*** RECORD EXCERPTS Section Begins ***

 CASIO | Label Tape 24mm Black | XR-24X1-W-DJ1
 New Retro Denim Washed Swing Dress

*** RECORD EXCERPTS Section Ends ***
*** RECORD EXCERPTS Section Begins ***

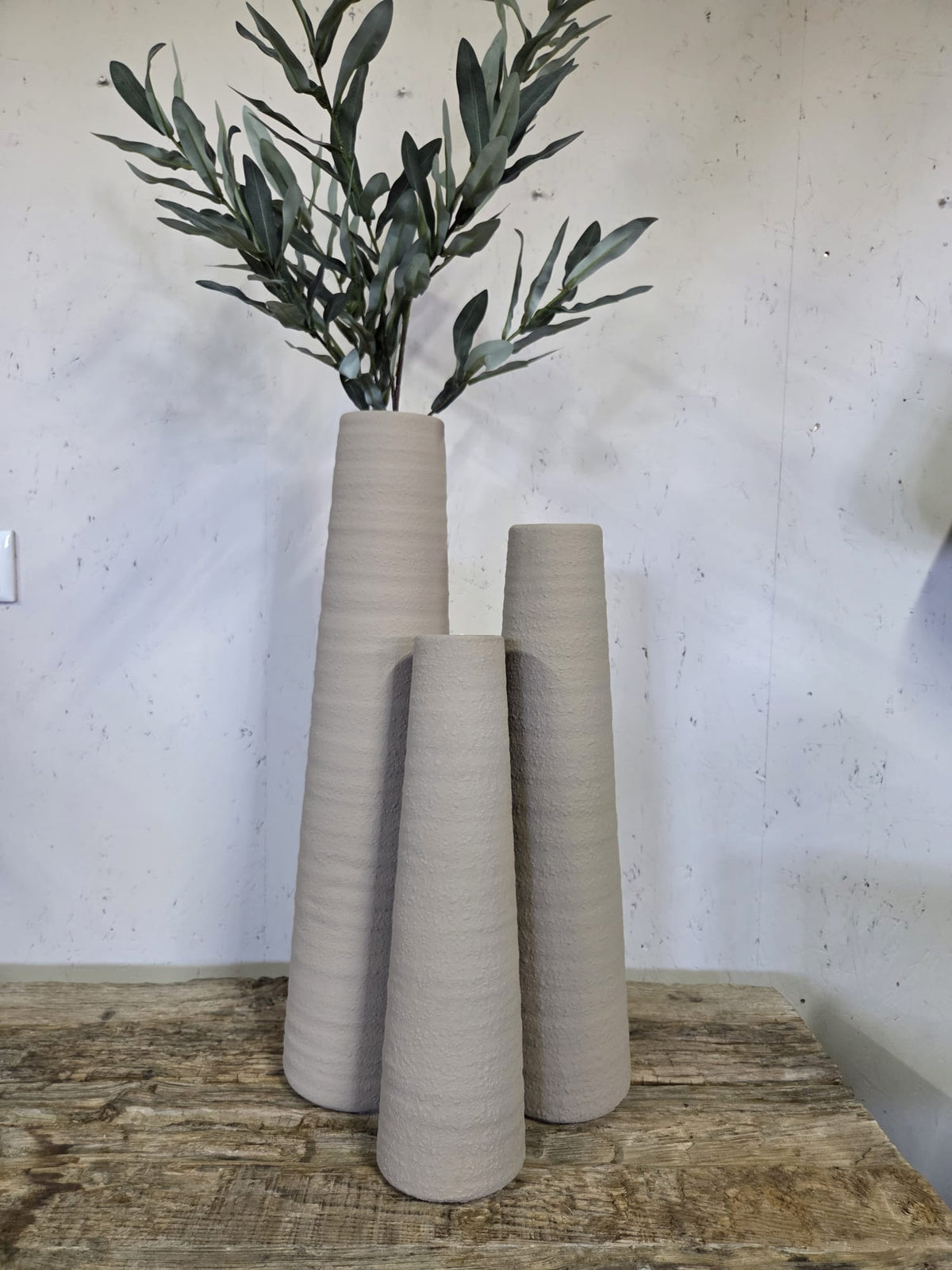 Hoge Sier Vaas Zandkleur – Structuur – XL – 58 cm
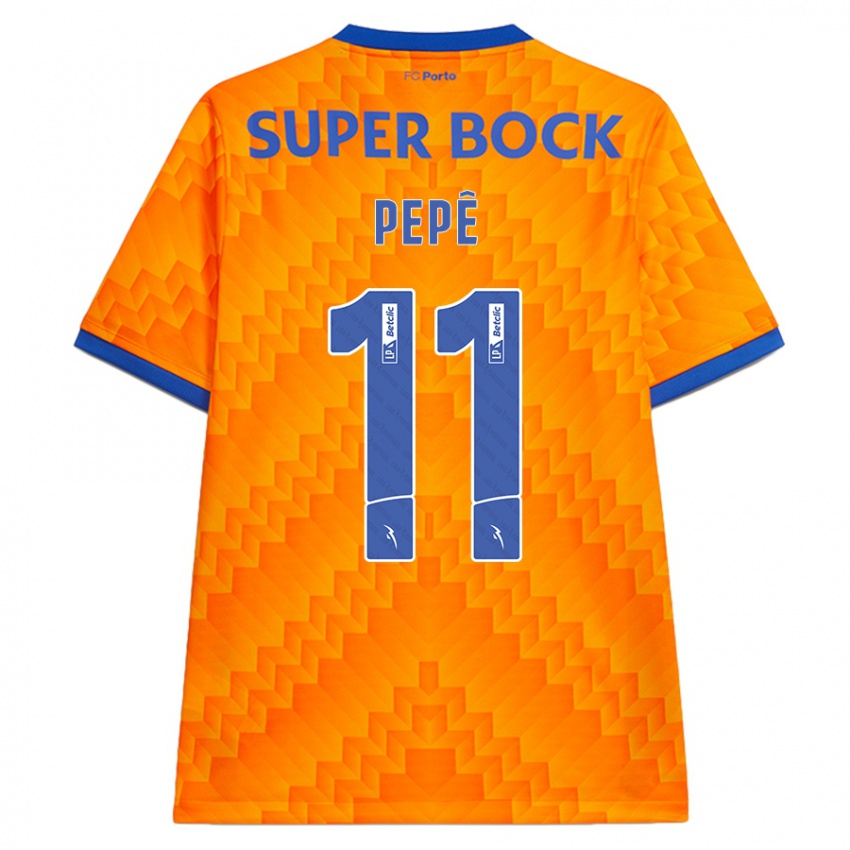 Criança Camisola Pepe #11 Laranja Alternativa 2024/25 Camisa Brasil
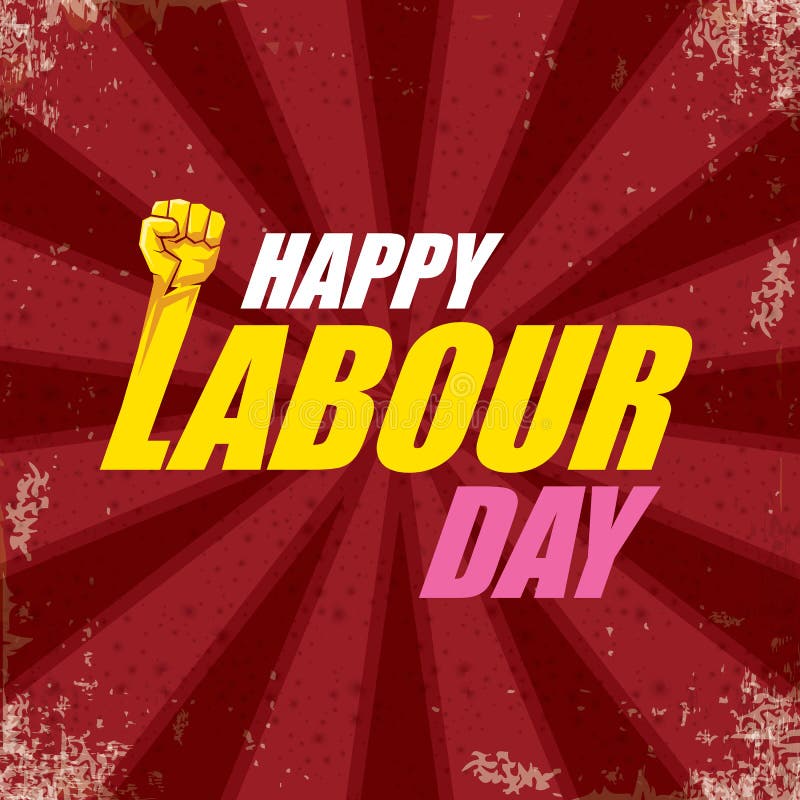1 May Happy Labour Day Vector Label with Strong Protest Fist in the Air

*** RECORD EXCERPTS Section Ends ***

_INSTRUCTIONS FOR THE TASK_
What is needed is a verbatim copy of every line in the records above from the one containing "CASIO | Label" down to the one containing "New Retro Denim Washed Swing Dress", both included, and nothing more.

_WORKED SOLUTION_
 CASIO | Label Tape 24mm Black | XR-24X1-W-DJ1
 New Retro Denim Washed Swing Dress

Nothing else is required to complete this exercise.